The Federal Reserve is well-suited to the task of being the consolidated supervisor for systemically important non-banks, Bernanke said.

Bernanke said the country also needs a system for “resolving” large insurers and other non-banks such as insurers “analogous to the regime currently used by the Federal Deposit Insurance Corporation,” Bernanke said.

He made his comments in testimony before the House Financial Services Committee.

During the hearing, Bernanke called for creation of an oversight council made up of all the agencies involved in financial supervision.

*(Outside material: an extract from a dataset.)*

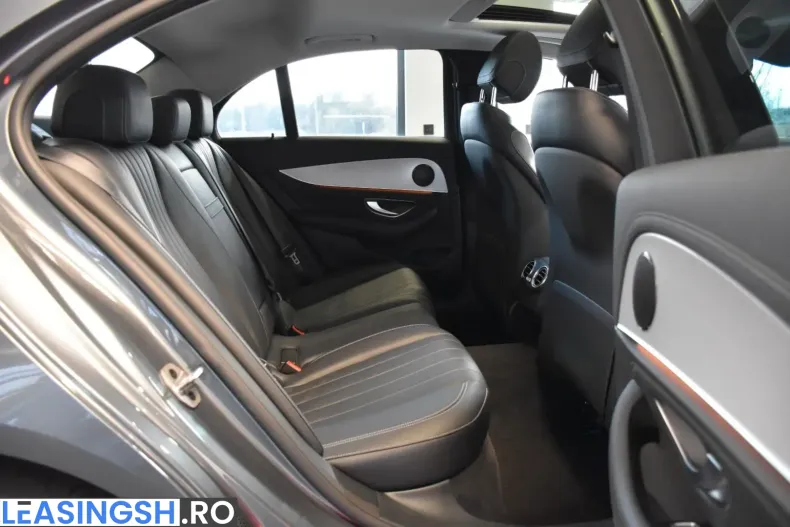 Mercedes-Benz E 220 (Clasa E) din 2021 cu 69.075 km - oferta MER200934 - foto 22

The council should have the authority to monitor and identify emerging risks to financial stability across the entire financial system, to identify regulatory gaps, and to coordinate the agencies’ responses to potential systemic risks, he said.

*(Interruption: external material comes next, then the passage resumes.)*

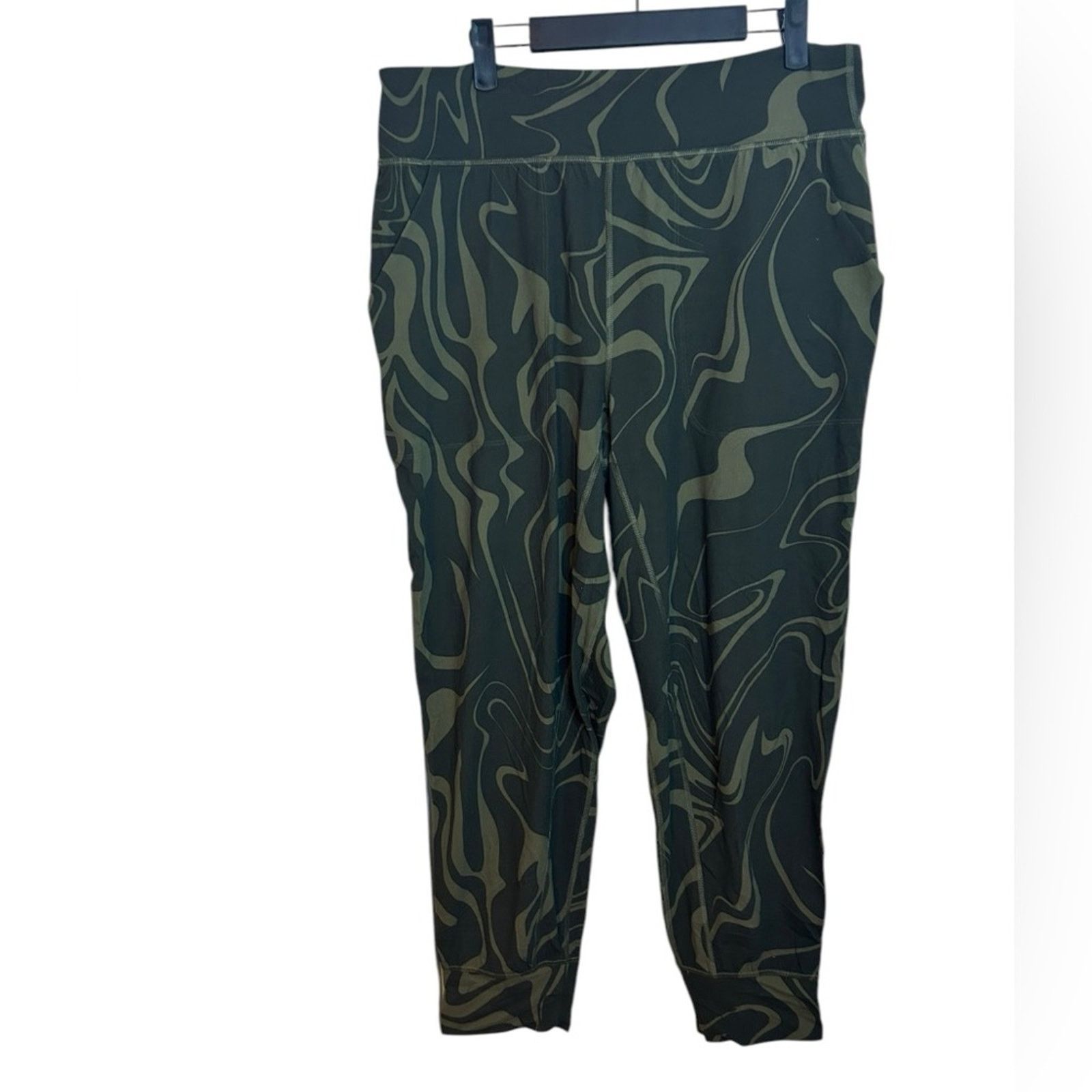 Other NWT Universal Standard Cooper Jogger Matcha Latte Swirl Size 40" / US 18 - 1 Thumbnail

Moreover, he said, all federal financial supervisors and regulators–not just the Federal Reserve System–should be directed and empowered to consider the risks facing the broader financial system as part of their normal oversight responsibilities.

But putting all systemically important financial institutions under the jurisdiction of the Federal Reserve would prevent financial firms that do not own a bank, but that nonetheless pose risks to the overall financial system because of the size, risks, or interconnectedness of their financial activities, from avoiding comprehensive supervisory oversight, Bernanke said.

“Besides being supervised on a consolidated basis, systemically important financial institutions should also be subject to enhanced regulation and supervision, including capital, liquidity, and risk-management requirements that reflect those institutions’ important roles in the financial sector,” he said. “Enhanced requirements are needed not only to protect the stability of individual institutions and the financial system as a whole, but also to reduce the incentives for financial firms to become very large in order to be perceived as too big to fail.”

Bernanke touched only briefly on an Obama administration proposal to create an independent Consumer Finance Protection Agency. Some say the proposal, now being debated in the House, would reduce the Fed’s power.

That drew a rebuke from Rep. Melvin Watt, D-N.C. “Five sentences on consumer protection when everything else gets substantially more space,” Watt said. “It is just not a good message to send.”

Committee Republicans tore into Bernanke’s testimony.

“Chairman Bernanke, in the run-up to the worst financial and economic crisis since the Great Depression, the Federal Reserve offered few warnings of the forces undermining the foundations of our markets and the industrial and commercial structures on which we depend,” said Rep. Spencer Bachus, R-Ala., the highest ranking Republican on the panel. “And yet, we are now asked to designate the Federal Reserve as the agency in which we place our trust as the systemic risk regulator to protect against the forces that will endanger the economy in the future.”

Republicans are proposing to strip the Fed of its regulatory and supervisory powers and leave it only with the authority to conduct monetary policy.

Republicans want to create a council “with members from a broad spectrum of agencies” to oversee financial institutions.